To implement the OR Boolean, we only need 3 neurons: two inputs and one output. The OR can easily be simulated as followed. The receiver (neuron in red) has two dendrites with the factor or 0.5 and a threshold of the soma of 0.5 (the value is there in order to make sure that any small values will not come to interfere)




With that sample, it is really easy to simulate and AND gate: simply put the threshold of the receiver to 1.0 instead of 0.5.

I would consider the and as the base logical interaction of this neural entity as it is the natural flood of the information thru the neurons



This is how we can easily create a spike with a decision source that is not sending any information. This is an excellent example of the use of the synaptic knob inhibitory neurotransmitters: the synaptic knob when charged from the spike of the soma with one unit simply produce excitatory neurotransmitters - should it be charged with more than a unit it produces the surplus not with excitatory but inhibitory neurotransmitters <=> a load of 2 will be resumed by the generation of one unit of excitatory that will be annihilated by the one unit inhibitory produced as surplus. (for example should it receive 1.5, the amount of excitatory will be 1 and .5 of inhibitory resulting of an amount of 1 - .5 = .5 sent).

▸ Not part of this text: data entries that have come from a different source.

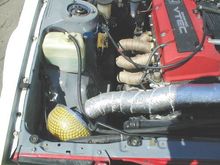 AE863.jpg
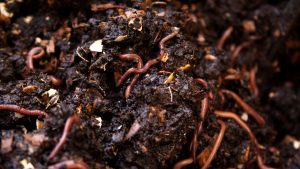 क्या आपके खेत की मिट्टी हो रही है कमजोर? अब 50 दिनों में घर पर बनाएं ये खाद और बढ़ाएं पैदावार क्या आपके खेत की मिट्टी हो रही है कमजोर? अब 50 दिनों में घर पर बनाएं ये खाद और बढ़ाएं पैदावार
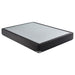 Mercer 9" Twin XL Standard Box Spring Foundation - Orbit Furniture (Richmond,BC)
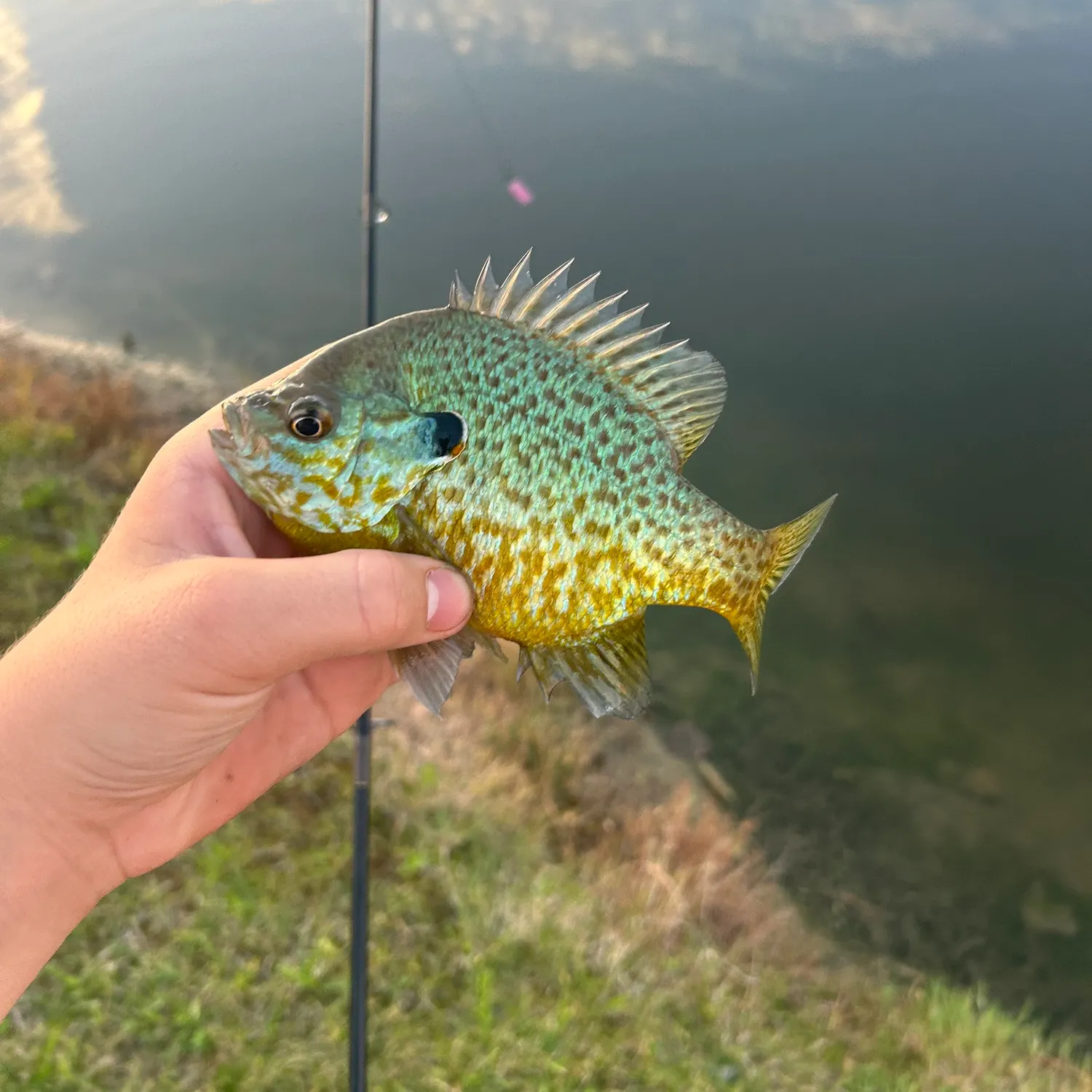 Pumpkinseed caught on Fishbrain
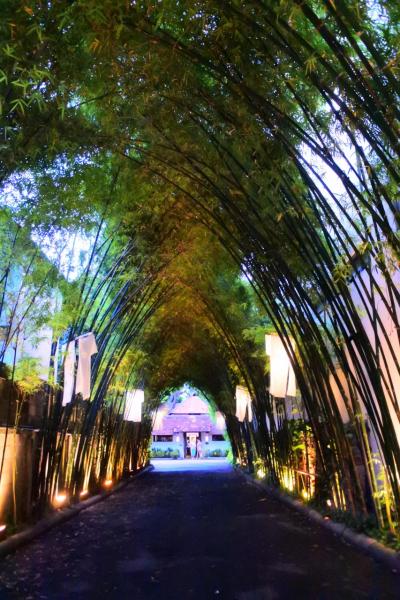 チェンマイ・数多のクメール寺院巡りとのんびり街歩きの旅＠アナンタラチェンマイ　３日目～帰国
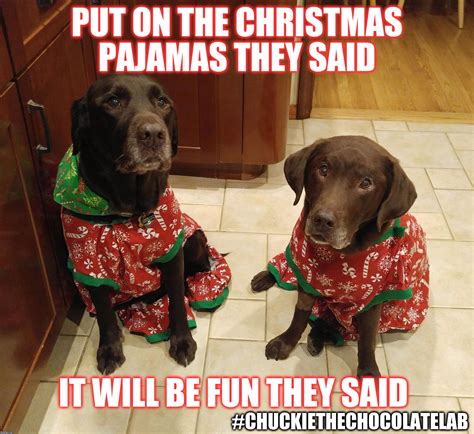 Put On The Christmas Pajamas They Said It Will Be Fun They Said Imgflip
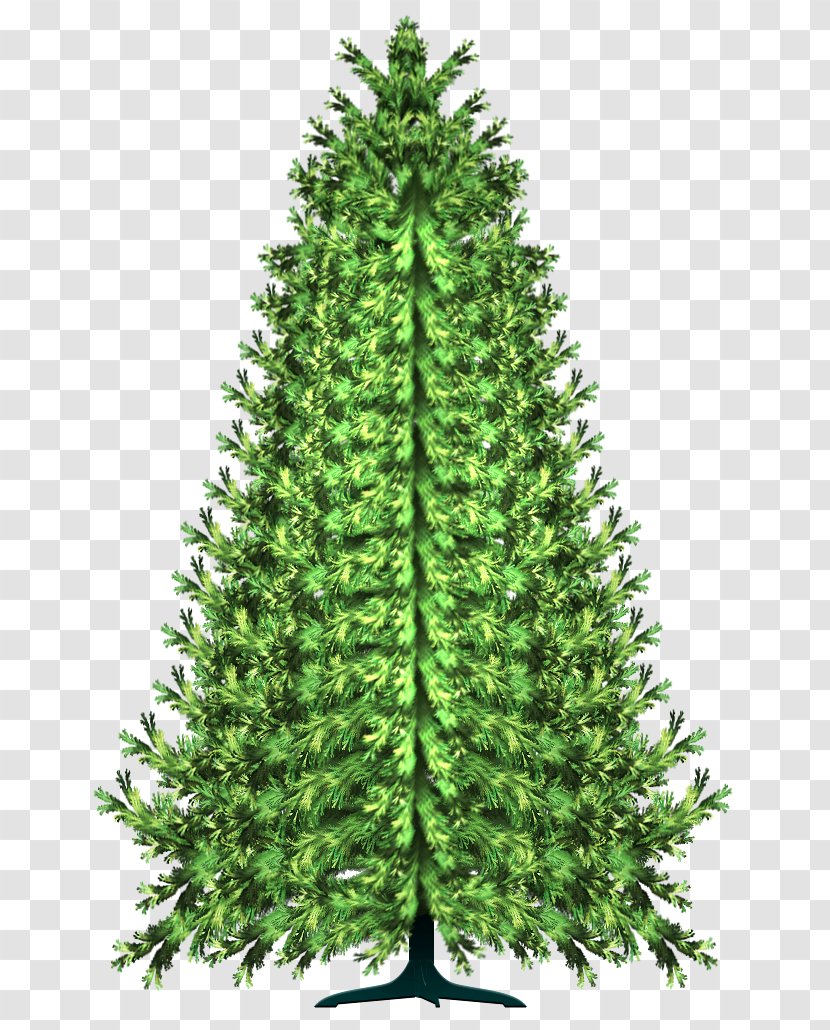 Pine Tree Conifers Spruce Clip Art - Christmas Ornament Transparent PNG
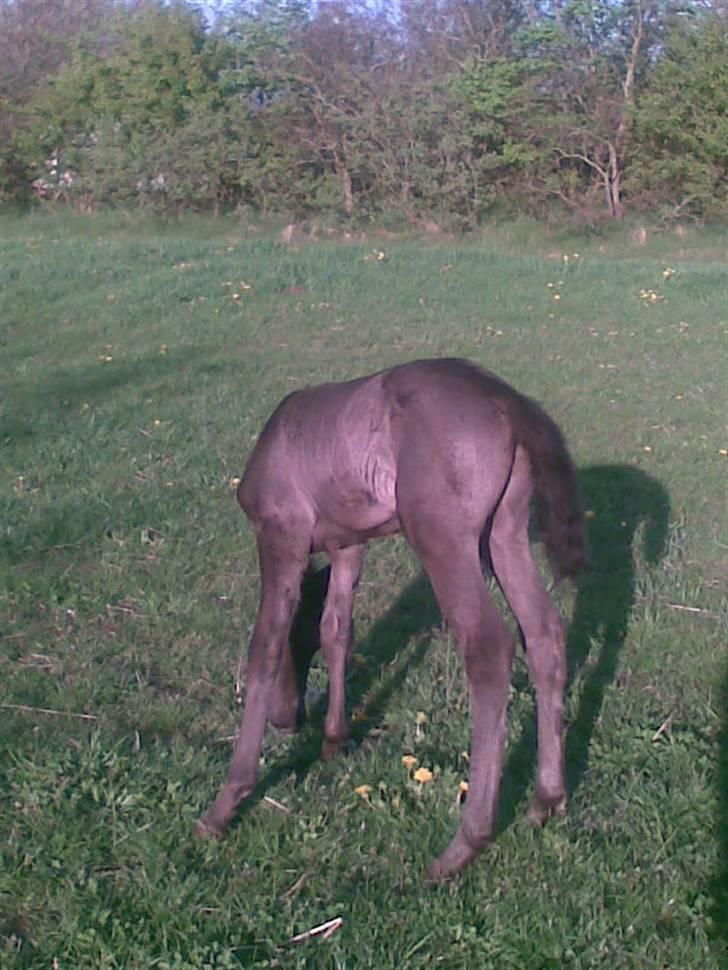 DSP Friis Mr Quick Step - Nøj de lange ben  billede 7
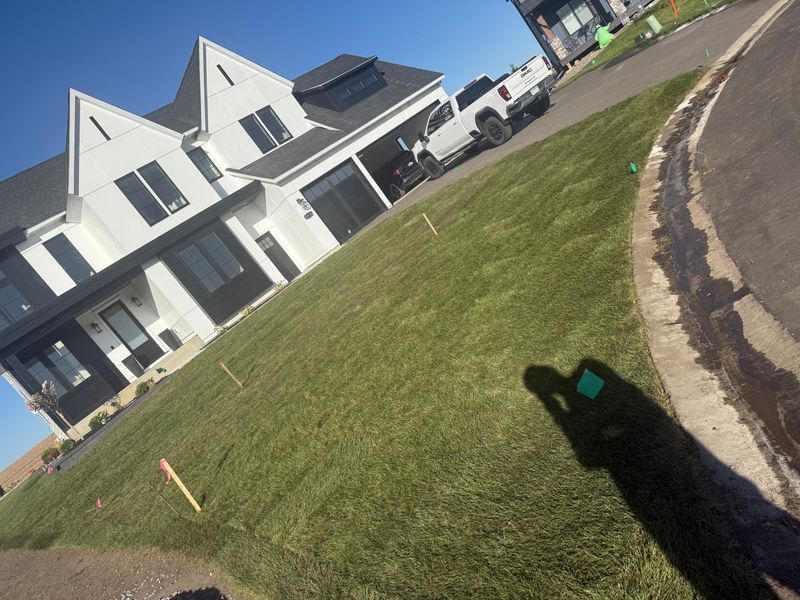 Sod Installation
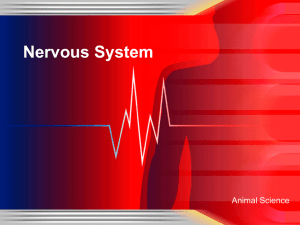 Nervous System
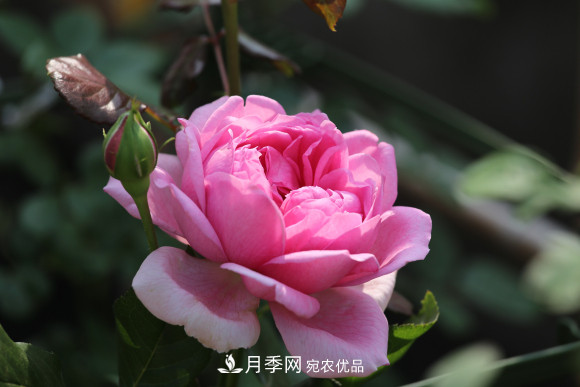 10款濃香月季，開(kāi)花比香水還好聞，從春一直開(kāi)到秋！(圖4)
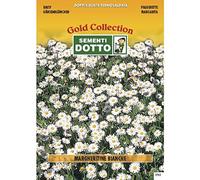 Sementi Dotto Semi di MARGHERITINE Bianche - h cm 15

The EOR operator is a two pass operator in the example hereby.

We are decomposing the EOR as ~( ~ (a + b) + (a . b)) (NB: the (a + b ) . ~(a . b) formula has the advantage of creating an EOR directly but it is just for didactic purposes that I have chosen this one could have been another)

Pass 1 : (a . b) and ~(a + b)

The two inputs are send to the and process and the or then Not processes. At that stage the ans neuron is the A NOR B operator.

Pass 2 : ~ ((NOR) + (AND))

the second pass is reinserting the result of the and and the nor in the same OR process

Note that the or neuron receives the NEOR operator at the second pass



Bio-like Concept

We will here decrease the amount of neuron: in fact the synaptic knob of a neuron can be connected to one one of its own dendrite, reducing the amount of neuron. The idea make the neuron (E.g. the Boolean-OR neuron) the second part but also the receptor of the operation allowing a far bigger flexibility in the manipulation of neurons. The C++ code  is available to download at the site under the file name test1-bio.cpp.

This simple OR gate shows how easily this can be implemented. This solution also is pretty intuitive. Indeed we can understand the schema as followed: Input 1 OR input 2 and naturally we will expect a result in the Input 2 neuron as it is ored with the input 1. The equivalent in C is In2 |= In1;

The same logic can also be applied for the AND gate and the NOT gate.


The NAND  or NOR gate could be interpreted as such. This does not affect the result in In2 as the (OR or AND) and the trigger is as seen a real inverse operator and does it all.

This aspect of the NOT will allow us to create a Inverse Neuron that will automatically set itself up during depolarization call.

The only action we have to take care is to depolarize In2 twice: once to receive the operator value and a second time to inject it into the trigger to receive the Not value.




The EOR gate is quite easier to implement and also much more intuitive than the normal Boolean operator formula. Thanks to the call back (synaptic knob generating as much inhibitors than there are excitatory above a certain amount) we are able to generate a real simple eor gate.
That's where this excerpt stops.